I'll hold off on closing the issue for a minute so as not to be discouraging of further discussion!
@sestinj thank you for step out and answer our questions. My concern is still there about mandatory settings and addons, which managed by a company for all browsers.
Additionally, it has no managed settings by a user (including cookies) and plugins such as to block ads and/or improve privacy of any kind. I don't like an idea to be tracked via an application.
The other way around the issue would be provide a separate downloader program which would download nesesery raw data including the output format application uses. The latter is for a possibility to create an alternative downloader applications if anybody of us would be willing to address.
Thanks @sestinj and @Patrick-Erichsen for quick action, I was being downvoted to hell for bringing this up, but I felt it was a security issue, although I couldn't put my finger on exactly what irked me.
Now, I know there are few security points, some independent of continue:
Lastly,
Hopefully it is understood by now that Continue takes great effort to secure your code, to the point of operating as a local-first application. In considering the trade-offs between hosting our own web crawling servers, to which the extension would have to send requests, vs. following the local-first pattern, we took this lens, but more than anything we value feedback.
I'm very happy you took local-first approach even when we voice our concerns here. I honestly doesn't see inside how this crawling works, but last imaginary scenario:
Anyway, thanks @sestinj for addressing this issue, it will ultimately make your product better and more secure.
Martin
https://discussions.apple.com/thread/8582300?sortBy=rank to remove the notification, rm -rf .continue, stop using continue extension, report this app until they actually improve
Appreciate the further thoughts here!
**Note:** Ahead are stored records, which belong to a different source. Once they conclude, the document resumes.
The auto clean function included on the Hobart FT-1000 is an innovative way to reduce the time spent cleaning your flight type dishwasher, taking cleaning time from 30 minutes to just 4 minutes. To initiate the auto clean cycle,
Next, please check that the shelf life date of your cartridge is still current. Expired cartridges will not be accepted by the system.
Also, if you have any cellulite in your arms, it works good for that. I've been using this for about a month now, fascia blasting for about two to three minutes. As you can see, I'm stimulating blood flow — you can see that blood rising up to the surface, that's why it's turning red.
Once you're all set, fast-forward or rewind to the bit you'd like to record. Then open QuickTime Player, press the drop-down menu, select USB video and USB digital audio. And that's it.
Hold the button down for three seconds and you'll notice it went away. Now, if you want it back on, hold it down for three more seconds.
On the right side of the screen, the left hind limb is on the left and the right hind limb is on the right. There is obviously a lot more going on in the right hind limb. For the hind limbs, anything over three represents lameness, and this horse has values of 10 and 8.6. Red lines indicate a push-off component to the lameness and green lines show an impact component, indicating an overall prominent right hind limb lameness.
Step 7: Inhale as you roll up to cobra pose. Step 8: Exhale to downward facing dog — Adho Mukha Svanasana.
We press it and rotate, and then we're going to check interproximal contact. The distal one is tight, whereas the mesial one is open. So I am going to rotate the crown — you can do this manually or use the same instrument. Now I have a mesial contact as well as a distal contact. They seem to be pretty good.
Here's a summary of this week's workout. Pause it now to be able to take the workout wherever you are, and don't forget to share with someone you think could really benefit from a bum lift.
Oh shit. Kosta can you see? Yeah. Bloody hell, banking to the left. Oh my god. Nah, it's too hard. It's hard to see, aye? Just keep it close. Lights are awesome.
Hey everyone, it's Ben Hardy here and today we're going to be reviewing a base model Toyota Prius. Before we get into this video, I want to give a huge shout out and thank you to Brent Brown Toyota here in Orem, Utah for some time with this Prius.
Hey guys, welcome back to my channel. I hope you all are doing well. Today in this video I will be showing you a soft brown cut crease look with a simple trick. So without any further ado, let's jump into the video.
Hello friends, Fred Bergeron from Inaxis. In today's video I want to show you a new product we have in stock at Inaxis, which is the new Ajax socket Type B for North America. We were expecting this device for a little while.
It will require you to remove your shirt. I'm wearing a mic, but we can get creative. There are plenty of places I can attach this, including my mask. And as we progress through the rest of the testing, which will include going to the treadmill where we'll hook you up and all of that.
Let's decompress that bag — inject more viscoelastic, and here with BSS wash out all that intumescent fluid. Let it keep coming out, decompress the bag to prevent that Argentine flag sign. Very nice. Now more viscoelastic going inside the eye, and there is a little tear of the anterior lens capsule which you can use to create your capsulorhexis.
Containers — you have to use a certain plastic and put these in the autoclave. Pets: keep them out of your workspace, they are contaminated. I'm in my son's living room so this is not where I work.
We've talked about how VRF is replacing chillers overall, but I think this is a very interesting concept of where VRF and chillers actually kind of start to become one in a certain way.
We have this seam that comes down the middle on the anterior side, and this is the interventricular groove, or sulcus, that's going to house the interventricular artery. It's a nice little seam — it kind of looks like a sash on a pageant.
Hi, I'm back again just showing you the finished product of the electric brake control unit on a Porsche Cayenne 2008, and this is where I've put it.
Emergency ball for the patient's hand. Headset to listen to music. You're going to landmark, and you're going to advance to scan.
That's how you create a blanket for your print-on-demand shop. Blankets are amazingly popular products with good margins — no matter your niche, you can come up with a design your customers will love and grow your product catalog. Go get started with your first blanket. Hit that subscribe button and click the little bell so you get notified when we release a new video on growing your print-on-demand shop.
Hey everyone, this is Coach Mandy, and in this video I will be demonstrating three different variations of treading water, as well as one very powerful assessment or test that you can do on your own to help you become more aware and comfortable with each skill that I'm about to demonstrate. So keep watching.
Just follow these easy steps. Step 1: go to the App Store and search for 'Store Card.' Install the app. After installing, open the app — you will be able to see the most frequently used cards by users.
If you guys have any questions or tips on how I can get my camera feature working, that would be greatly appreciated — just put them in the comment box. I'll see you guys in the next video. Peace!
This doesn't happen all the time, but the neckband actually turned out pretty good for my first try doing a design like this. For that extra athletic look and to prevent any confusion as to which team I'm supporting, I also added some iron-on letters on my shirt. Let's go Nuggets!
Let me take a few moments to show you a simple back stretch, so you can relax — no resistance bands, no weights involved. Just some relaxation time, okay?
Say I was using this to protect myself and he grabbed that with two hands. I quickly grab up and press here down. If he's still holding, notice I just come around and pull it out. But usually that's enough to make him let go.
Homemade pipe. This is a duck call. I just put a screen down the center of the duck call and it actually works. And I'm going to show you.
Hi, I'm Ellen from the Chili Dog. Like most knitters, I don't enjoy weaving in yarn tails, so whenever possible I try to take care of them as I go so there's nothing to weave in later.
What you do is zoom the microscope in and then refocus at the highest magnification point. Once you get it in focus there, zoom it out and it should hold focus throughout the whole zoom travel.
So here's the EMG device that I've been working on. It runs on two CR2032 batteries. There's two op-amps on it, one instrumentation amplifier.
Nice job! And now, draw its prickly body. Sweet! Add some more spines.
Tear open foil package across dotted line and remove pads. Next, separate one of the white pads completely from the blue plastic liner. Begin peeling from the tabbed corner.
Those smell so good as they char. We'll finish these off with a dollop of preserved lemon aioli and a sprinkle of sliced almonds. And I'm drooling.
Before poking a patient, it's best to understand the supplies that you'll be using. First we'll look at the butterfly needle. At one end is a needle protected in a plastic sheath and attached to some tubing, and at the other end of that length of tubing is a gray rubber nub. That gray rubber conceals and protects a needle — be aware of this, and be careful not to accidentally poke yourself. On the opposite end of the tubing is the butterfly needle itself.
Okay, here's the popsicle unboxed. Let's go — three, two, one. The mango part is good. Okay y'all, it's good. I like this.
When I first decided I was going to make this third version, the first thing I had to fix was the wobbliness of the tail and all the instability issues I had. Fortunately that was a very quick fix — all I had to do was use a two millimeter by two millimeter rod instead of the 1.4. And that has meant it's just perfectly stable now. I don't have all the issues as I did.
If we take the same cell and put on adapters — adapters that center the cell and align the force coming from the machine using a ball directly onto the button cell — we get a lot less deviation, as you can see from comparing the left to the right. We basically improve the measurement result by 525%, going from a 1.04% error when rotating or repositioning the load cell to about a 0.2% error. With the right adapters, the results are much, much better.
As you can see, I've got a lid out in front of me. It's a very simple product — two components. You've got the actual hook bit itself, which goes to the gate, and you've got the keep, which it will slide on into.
We've thought about this pretty deeply, trying to take into account all of the feedback received and where we want to go with the product. Without committing to a particular direction, we are tentatively looking into building out an indexing server.
Though things are much better with the headless browser being entirely opt-in, I still wanted to give an update so you know we haven't simply forgotten about this : )
I will make sure to update here as soon as we have more info!
Using electron was not enough, now every extension of every electron app will install its own chromium! Now I have 3 additional chromiums in my system, thanks!
- Why can't we use the Chromium that is already installed for Google Chrome or otherwise? Puppeteer, the package used to control the headless browser, requires a specific chromium_revision for each version of the library, so we can’t easily allow users to manage the download/installation, or use existing installations
I am pretty sure that is not true, or at least it was the other way a few months ago when I worked with it.
You just need to set PUPPETEER_SKIP_CHROMIUM_DOWNLOAD=true to install it without chromium and then you can run any chromium binary if you have access to it, some features may be less compatible in different versions, but the core functionality remains the same.
@remixer-dec thanks for sharing that screenshot, I believe we gave that a try and ran into issues with Puppeteer complaining about an incompatible Chromium revision though. Will plan to try it out again though when we circle back to some work we have planned around docs service in the near future 👍
Before submitting your bug report
Relevant environment info
Description
There is Chromium.app in ~/.continue/.utils/.chromium-browser-snapshots/chromium/ installed without any user consent at all.